I’m writing on this blog to 1) brush up on my writing skills 2) procrastinate and 3) force myself to get motivated. My sis (who will be my first and perhaps only reader of my 1st novel attempt) has been pestering me for the finished product. But my 65,000ish words are far from a finished product. I need to first, and foremost, WRITE THE DAMN ENDING, which is the hardest part. I also need to go through and eliminate all the redundancies and contradictions and stuff that says “need a better word for this.”
But instead, I re-read my favorite parts, sprucing up the spelling and punctuation, tweaking a word or two here and there, chuckling at how awesome and clever I am. Then I skim over all the kind of iffy parts, make a few revisions. Then I accidentally read one of the really, really, bad parts, and do stuff like gag audibly, or slam the laptop shut and literally run away.

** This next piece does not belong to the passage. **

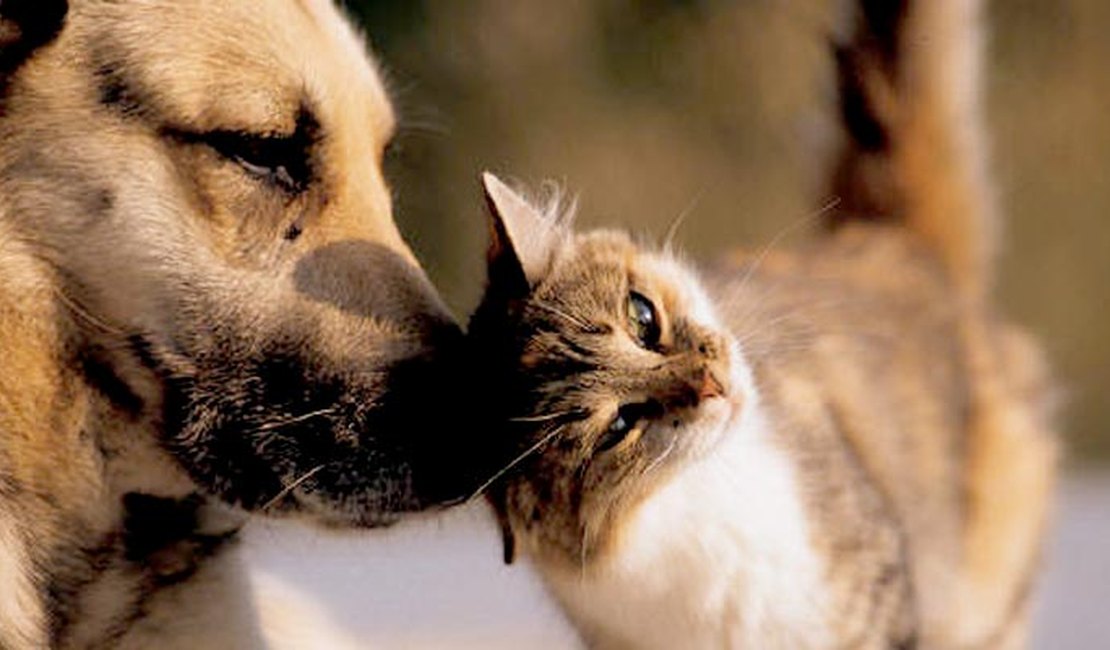 Equipe do Pet Amigo orienta tutores sobre o câncer de mama em gatas e cadelas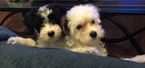 Small Photo #7 Chinese Crested Puppy For Sale in MANHATTAN, NY, USA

I then read some real, published book, and use it to berate my book. “Book, why can’t you be more like (Bridget Jones’ Diary, Harry Potter, Pride and Prejudice)? That book is interesting, has vivid descriptions, entertaining details, and a plot with an ending. Why do you have to be so lazy and boring? When are you going to make something of yourself?”
Oh Book, I know you’re not really to blame. You just lack discipline. Me too.
So in an effort to be more disciplined, I’m trying to write every day, even if I just end up writing a blog post. I started writing this post a week ago, so as you can see, it’s been slow.
But good news. Today, I wrote 1,200 words of my WIP (that’s work in progress--don't I sound all smart with my new-found writer jargon?) I also made a decision to tone down an aspect of the story that I have never been thrilled about writing anyway. And I felt a little hope that I can whip this WIP into something I wouldn’t be ashamed to let people read.